Harte Research Institute (HRI)

A Statement on our Desalination Science


October 6, 2020

 

Download PDF of this statement

Supporting Documents (2015 Study):

Intake and Discharge: Drs. Greg Stunz and Paul Montagna

Relevant Environmental Studies: Dr. Wes Tunnell

Regulatory and Permitting Issues: Dr. Richard McLaughlin

Red Tide Report: Dr. Wes Tunnell

 

Introduction

Desalination of seawater has been the standard way of obtaining freshwater in the Middle East for over 50 years because it is the only water readily available, and abundant energy resources allow it as an option. However, in recent decades desalination has spread to other parts of the world due to increasing human population, degraded water quality, and now extensive drought conditions in some regions. The United States has joined other countries in looking at desalination as a means to obtain more freshwater resources to sustain its people, industry, and possibly even agriculture, as well as to maintain natural environmental flows of fresh water in streams and rivers.
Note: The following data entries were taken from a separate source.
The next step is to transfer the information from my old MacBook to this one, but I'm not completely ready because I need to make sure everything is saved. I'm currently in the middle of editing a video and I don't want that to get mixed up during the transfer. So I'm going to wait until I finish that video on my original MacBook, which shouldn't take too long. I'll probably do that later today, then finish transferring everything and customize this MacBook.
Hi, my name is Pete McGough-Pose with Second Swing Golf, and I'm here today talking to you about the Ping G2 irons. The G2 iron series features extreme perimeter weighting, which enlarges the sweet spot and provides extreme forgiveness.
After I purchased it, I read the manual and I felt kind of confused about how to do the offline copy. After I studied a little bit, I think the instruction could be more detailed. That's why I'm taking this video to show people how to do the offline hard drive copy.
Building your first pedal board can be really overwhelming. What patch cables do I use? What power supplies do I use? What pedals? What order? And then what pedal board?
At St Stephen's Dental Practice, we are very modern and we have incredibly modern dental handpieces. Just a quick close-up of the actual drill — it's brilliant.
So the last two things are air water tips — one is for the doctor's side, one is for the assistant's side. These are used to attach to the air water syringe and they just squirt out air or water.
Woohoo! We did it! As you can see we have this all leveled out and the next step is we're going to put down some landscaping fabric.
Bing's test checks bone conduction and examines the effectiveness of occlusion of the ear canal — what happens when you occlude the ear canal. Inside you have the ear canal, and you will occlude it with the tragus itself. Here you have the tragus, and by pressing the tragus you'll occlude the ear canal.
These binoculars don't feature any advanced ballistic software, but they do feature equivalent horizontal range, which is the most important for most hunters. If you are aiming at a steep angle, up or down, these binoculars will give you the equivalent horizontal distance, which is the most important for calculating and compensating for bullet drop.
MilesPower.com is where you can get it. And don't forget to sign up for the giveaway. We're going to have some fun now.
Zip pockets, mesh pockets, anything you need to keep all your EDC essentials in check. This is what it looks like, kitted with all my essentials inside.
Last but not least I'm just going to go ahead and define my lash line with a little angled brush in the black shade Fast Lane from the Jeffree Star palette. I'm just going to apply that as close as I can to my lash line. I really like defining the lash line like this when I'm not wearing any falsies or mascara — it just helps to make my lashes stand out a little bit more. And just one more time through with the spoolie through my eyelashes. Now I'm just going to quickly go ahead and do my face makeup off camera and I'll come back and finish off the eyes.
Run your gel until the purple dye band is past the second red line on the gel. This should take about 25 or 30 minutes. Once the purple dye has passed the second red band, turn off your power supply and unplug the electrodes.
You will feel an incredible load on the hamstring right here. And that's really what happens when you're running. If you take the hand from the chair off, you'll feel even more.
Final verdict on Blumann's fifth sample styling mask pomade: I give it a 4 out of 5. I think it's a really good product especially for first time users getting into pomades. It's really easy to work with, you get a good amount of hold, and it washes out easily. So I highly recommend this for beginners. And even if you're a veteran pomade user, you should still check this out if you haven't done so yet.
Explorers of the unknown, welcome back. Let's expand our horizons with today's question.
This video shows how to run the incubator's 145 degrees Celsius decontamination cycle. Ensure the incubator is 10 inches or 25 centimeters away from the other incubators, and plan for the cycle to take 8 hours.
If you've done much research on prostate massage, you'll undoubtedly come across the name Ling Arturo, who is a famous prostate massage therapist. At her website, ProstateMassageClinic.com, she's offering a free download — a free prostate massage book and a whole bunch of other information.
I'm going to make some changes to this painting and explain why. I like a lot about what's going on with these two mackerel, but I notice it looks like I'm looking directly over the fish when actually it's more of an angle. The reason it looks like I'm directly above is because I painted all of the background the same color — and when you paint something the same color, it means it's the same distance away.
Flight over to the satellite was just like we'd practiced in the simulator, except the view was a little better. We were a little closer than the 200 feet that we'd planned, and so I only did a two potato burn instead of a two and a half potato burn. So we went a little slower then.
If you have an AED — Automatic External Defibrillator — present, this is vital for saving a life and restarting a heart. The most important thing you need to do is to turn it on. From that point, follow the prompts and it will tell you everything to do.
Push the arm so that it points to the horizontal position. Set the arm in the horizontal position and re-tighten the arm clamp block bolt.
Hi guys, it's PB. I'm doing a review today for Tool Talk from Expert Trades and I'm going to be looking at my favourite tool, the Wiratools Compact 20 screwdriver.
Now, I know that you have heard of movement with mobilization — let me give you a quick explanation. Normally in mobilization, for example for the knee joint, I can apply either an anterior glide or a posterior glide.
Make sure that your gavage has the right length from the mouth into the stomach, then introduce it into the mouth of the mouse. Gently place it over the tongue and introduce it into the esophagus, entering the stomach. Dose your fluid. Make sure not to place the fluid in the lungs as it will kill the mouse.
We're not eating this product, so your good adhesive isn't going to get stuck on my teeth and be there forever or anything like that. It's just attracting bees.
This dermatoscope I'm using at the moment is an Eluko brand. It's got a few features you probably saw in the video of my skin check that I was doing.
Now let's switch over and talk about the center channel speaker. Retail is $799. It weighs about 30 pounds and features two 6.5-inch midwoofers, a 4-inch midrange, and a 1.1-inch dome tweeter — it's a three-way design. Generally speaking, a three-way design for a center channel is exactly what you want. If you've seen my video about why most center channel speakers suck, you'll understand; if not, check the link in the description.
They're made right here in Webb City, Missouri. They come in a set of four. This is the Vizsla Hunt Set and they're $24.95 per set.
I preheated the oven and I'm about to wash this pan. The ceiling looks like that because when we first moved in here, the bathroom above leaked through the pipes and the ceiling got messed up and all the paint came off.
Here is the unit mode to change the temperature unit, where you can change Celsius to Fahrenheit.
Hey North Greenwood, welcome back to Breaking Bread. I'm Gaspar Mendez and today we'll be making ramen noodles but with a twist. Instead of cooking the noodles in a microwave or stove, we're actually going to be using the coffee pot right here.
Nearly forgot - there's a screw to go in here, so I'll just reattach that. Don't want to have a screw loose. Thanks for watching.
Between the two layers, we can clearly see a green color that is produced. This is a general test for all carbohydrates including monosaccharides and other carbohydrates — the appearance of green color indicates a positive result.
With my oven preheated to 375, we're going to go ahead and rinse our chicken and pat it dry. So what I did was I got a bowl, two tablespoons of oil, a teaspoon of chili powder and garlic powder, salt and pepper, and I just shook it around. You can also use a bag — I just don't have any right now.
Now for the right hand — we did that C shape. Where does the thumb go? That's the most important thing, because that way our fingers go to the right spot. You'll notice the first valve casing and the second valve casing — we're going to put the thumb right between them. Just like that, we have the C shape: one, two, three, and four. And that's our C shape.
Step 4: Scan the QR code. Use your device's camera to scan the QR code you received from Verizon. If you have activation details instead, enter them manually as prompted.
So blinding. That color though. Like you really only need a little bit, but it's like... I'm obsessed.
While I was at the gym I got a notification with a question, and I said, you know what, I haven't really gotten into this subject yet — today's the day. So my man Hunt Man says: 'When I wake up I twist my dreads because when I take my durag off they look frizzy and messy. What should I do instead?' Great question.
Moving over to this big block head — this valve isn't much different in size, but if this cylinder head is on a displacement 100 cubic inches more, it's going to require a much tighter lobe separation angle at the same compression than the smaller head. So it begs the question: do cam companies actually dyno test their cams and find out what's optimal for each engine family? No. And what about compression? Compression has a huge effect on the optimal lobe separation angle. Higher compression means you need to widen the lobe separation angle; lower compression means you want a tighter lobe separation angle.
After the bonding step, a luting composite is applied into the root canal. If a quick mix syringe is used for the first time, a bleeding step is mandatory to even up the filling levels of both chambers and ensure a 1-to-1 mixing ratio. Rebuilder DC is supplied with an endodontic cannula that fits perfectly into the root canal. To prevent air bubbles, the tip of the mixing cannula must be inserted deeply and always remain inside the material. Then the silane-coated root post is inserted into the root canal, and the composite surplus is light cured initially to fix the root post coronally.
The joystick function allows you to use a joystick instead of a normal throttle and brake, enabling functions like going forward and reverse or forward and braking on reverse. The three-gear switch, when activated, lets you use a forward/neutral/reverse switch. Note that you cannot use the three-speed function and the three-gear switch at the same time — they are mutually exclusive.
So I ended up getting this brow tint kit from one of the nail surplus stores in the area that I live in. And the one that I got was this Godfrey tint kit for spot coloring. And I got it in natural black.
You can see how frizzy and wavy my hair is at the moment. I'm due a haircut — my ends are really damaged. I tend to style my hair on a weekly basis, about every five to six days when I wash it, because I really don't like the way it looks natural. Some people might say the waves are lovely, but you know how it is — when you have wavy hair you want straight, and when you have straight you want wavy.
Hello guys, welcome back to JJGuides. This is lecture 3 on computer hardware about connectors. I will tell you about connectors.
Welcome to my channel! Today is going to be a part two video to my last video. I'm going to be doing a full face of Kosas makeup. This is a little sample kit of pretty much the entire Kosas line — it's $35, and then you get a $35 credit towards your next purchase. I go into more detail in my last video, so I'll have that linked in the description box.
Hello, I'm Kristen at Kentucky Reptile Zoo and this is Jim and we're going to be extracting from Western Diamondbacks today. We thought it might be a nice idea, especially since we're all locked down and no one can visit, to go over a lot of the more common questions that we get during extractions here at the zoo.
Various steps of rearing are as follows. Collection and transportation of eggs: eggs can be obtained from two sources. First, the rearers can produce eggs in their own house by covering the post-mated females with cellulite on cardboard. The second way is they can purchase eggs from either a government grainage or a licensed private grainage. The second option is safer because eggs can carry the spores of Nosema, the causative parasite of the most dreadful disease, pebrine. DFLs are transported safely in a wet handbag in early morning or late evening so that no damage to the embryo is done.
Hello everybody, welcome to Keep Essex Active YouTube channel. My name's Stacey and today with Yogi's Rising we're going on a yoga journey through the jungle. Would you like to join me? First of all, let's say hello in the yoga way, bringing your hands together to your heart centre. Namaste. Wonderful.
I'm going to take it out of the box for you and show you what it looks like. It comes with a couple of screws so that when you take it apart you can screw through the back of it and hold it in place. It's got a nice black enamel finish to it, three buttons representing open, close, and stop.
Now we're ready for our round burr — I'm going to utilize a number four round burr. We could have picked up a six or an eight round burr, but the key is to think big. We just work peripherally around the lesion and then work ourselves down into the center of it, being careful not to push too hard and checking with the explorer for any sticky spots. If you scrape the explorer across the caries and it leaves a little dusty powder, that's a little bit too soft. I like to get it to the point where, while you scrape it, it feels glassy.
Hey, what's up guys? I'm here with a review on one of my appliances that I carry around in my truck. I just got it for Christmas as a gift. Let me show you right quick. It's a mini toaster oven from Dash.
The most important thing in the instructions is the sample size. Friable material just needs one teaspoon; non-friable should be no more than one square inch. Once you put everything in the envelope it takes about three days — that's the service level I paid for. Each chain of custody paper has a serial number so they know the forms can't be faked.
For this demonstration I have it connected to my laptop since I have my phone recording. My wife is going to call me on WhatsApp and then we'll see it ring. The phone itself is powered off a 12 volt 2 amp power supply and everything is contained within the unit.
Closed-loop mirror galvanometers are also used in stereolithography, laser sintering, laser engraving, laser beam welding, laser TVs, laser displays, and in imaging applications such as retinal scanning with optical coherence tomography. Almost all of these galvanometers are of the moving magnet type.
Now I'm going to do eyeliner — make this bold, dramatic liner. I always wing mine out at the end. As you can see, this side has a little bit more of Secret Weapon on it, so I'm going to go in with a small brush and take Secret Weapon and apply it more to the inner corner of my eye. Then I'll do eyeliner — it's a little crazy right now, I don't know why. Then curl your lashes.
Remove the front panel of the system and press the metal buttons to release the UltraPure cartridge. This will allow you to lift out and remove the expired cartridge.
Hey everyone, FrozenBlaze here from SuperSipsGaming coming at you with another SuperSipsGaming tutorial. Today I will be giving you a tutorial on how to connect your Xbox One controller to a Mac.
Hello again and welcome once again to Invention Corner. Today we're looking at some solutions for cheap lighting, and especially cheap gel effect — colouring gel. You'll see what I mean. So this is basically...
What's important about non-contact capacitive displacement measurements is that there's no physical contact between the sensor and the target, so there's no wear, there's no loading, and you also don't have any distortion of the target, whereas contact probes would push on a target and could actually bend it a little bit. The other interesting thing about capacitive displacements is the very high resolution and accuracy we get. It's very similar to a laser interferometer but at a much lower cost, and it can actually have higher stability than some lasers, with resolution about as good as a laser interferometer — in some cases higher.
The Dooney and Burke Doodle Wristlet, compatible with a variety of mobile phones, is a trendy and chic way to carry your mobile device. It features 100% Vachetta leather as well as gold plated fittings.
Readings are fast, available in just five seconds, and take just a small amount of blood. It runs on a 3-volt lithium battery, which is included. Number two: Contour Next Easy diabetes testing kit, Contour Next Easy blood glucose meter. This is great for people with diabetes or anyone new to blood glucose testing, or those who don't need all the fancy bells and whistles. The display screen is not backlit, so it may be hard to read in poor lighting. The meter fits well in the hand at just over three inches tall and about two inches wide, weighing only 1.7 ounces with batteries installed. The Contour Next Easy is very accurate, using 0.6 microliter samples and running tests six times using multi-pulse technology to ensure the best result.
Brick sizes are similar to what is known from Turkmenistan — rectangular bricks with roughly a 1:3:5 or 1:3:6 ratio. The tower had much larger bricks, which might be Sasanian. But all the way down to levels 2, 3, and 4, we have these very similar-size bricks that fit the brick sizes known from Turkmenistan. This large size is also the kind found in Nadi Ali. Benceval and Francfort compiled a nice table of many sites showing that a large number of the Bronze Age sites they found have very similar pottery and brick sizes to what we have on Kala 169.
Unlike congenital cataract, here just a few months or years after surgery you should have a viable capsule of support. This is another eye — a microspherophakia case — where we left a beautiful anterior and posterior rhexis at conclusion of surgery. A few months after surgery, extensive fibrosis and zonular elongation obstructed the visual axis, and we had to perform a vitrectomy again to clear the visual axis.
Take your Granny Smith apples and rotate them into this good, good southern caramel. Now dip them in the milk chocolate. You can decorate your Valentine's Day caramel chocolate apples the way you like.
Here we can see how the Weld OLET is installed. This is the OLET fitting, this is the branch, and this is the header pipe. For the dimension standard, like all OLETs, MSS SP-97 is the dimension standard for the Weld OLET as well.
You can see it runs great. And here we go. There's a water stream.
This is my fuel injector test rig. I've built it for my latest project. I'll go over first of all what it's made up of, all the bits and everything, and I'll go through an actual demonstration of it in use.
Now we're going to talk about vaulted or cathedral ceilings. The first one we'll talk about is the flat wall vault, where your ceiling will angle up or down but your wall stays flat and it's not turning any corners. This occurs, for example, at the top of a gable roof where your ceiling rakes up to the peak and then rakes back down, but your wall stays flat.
In general, the high cost to build facilities and the energy to drive the desalination process have been prohibitive to developing desalination except where there were no other viable options. Environmental groups have raised concerns about overall ecological footprint, including brine disposal, and that has also made development contentious. However, with rising surface water costs, reduced sources, new reverse osmosis technology, progress in addressing environmental issues, and the fall in energy prices, the desalination option has become much more economically viable. Small desalination plants operate in many places within the United States and two very large projects are operating in Carlsbad, southern California, and Tampa, Florida. In Texas there are more than 50 small inland desalination plants converting brackish groundwater to potable uses that have been successfully doing so for years. The city of El Paso has demonstrated the viability of large-scale desalination in meeting water needs as an inland city. No such example exists for a Texas coastal city. Several Texas coastal cities and water entities have considered desalination in recent years as a means of supplementing current freshwater resources, but none have developed a functioning large-scale project. Corpus Christi and the Coastal Bend are actively pursuing a viable option.

 

HRI Position Regarding Desalination

HRI supports desalination as an option to provide freshwater where it is also beneficial to environmental health, such as relieving pressure on freshwater inflows into bays and estuaries which is vital for their health and productivity.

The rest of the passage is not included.